Pensati per incantare grandi e piccini, quest’anno con i francobolli di Natale ce n’è proprio per tutti i gusti. Per la quarta emissione di francobolli del 2022, la Posta emette infatti per la prima volta due serie distinte di francobolli di Natale: con «Auguri gioiosi» attira l’attenzione sui vari preparativi per la grande festa, mentre con «Arte sacra» rende omaggio alla ricchezza storica e culturale dell’arte sacra svizzera.
Ma cos’è questo fermento nella foresta innevata?
Con i suoi auguri gioiosi, la prima serie di Natale richiama alla mente un libro di favole d’altri tempi, di cui le tre specie selvatiche delle nostre foreste sembrano trasformarsi nei protagonisti, raccontando una storia magica ispirata al Natale e alla sua infinità di tradizioni e rituali. Per loro i vari preparativi per il grande giorno sono già cominciati: il leprotto si è accaparrato un bell’albero di Natale e sfreccia tra le piante a bordo della sua slitta, le maestose corna dei cervi intrecciano ghirlande luminose, mentre il topolino è in viaggio per consegnare intatta la sua corrispondenza delle feste. Questi motivi sono opera di Sarah von Rickenbach, illustratrice originaria della Svizzera centrale, e sono stati creati nell’ambito di un concorso grafico. In un secondo momento le collaboratrici e i collaboratori della Posta hanno potuto decretare i dentelli vincitori fra tre serie.
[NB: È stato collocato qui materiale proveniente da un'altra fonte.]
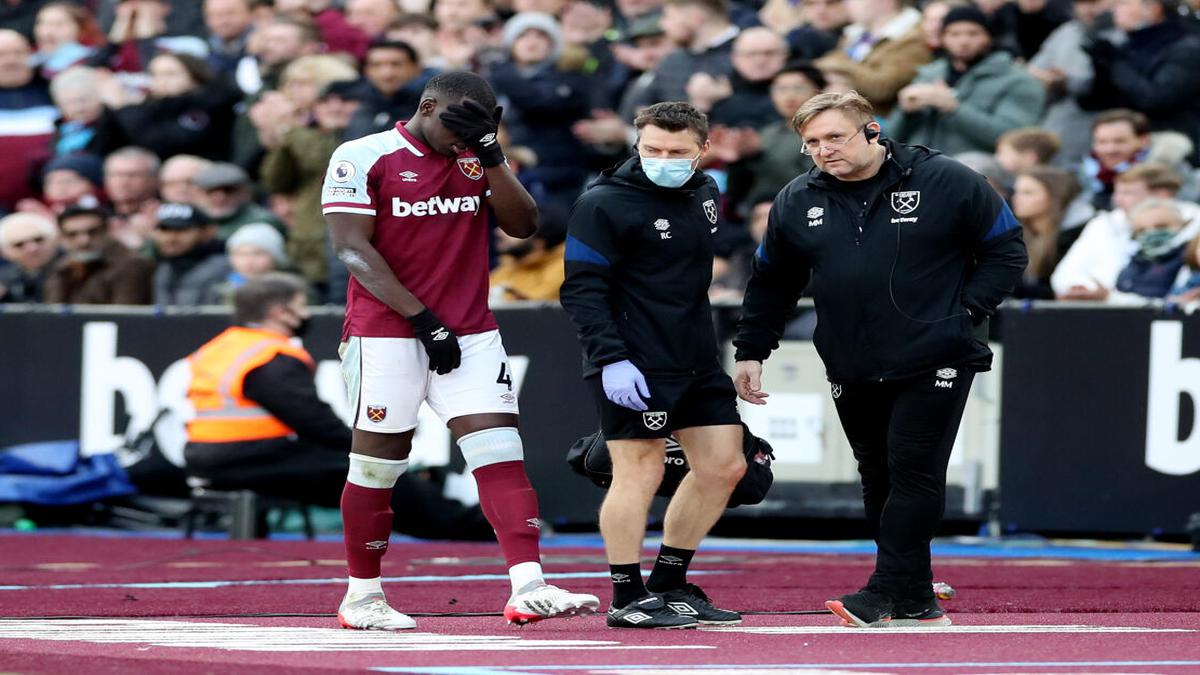 Zouma joins list of injured West Ham defenders with hamstring injury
Il presepe e l’angelo: due simboli del nostro immaginario iconografico legato alla Natività
Non meno nostalgica, la seconda serie di francobolli di Natale di quest’anno si ispira all’arte sacra. I due dentelli, nati per celebrare la ricchezza culturale e storica dell’arte sacra svizzera, raffigurano porzioni di due imponenti vetrate: della cattedrale di Berna e della chiesa del convento di Königsfelden situata a Windisch. Grazie ai loro magnifici colori, che ricordano quelli di pietre preziose illuminate, oggi come allora le vetrate delle chiese incantano chi le ammira. Questi due capolavori appartengono ai più importanti complessi medievali della Svizzera e sono decorati con raffigurazioni che compongono il nostro immaginario iconografico legato alla storia della Natività.